◆ EXERCISE GOAL
Entries below include pictures. Output exactly the lines from the one with "Naaritva India Stripe" down to the one with "U Bohdíkova se srazil autobus s dodávkou", both ends included, and leave the pictures out.

━━━━━ MATERIAL FOR THIS TASK ━━━━━

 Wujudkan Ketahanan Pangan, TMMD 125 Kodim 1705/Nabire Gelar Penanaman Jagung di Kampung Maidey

━━━━━
━━━━━ MATERIAL FOR THIS TASK ━━━━━

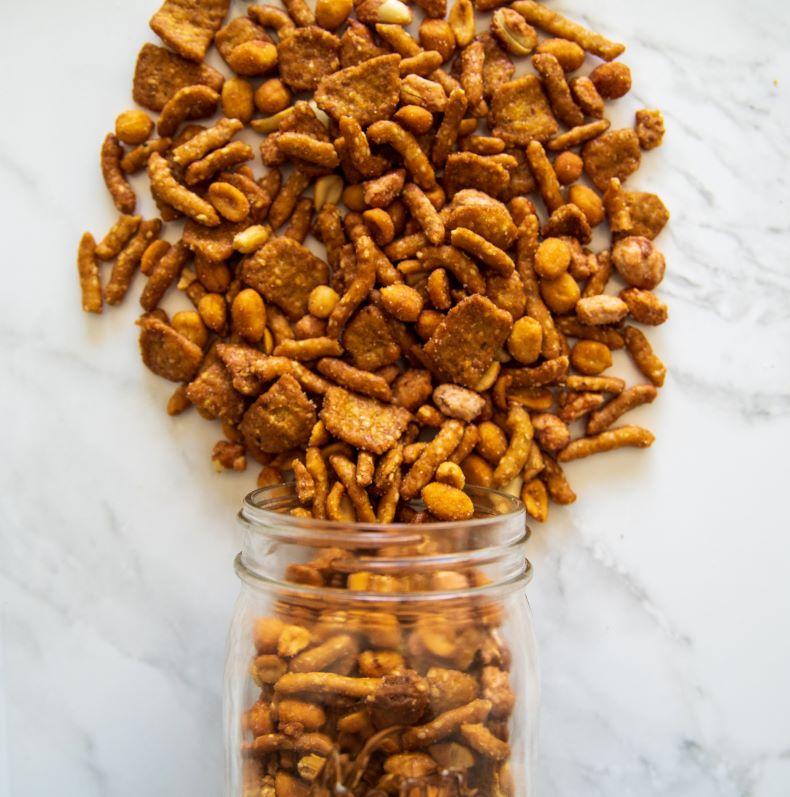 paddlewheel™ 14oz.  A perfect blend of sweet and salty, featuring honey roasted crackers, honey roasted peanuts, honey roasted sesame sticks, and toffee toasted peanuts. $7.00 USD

━━━━━
━━━━━ MATERIAL FOR THIS TASK ━━━━━

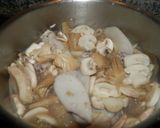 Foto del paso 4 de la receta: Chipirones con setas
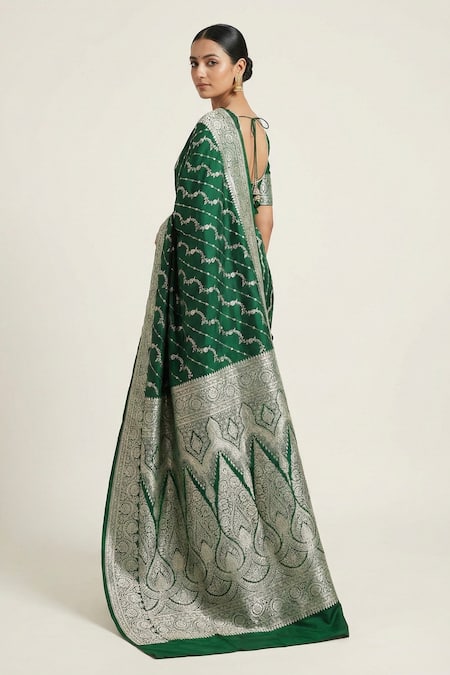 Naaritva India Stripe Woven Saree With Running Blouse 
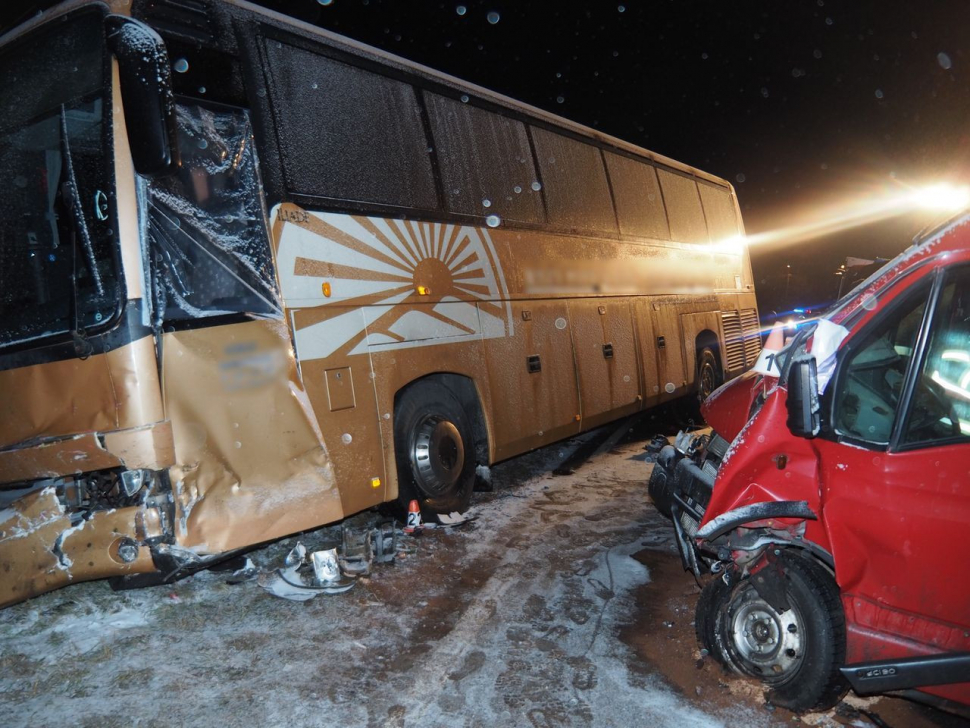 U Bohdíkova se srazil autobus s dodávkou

━━━━━

◆ ANSWER BELOW
 Naaritva India Stripe Woven Saree With Running Blouse 
 U Bohdíkova se srazil autobus s dodávkou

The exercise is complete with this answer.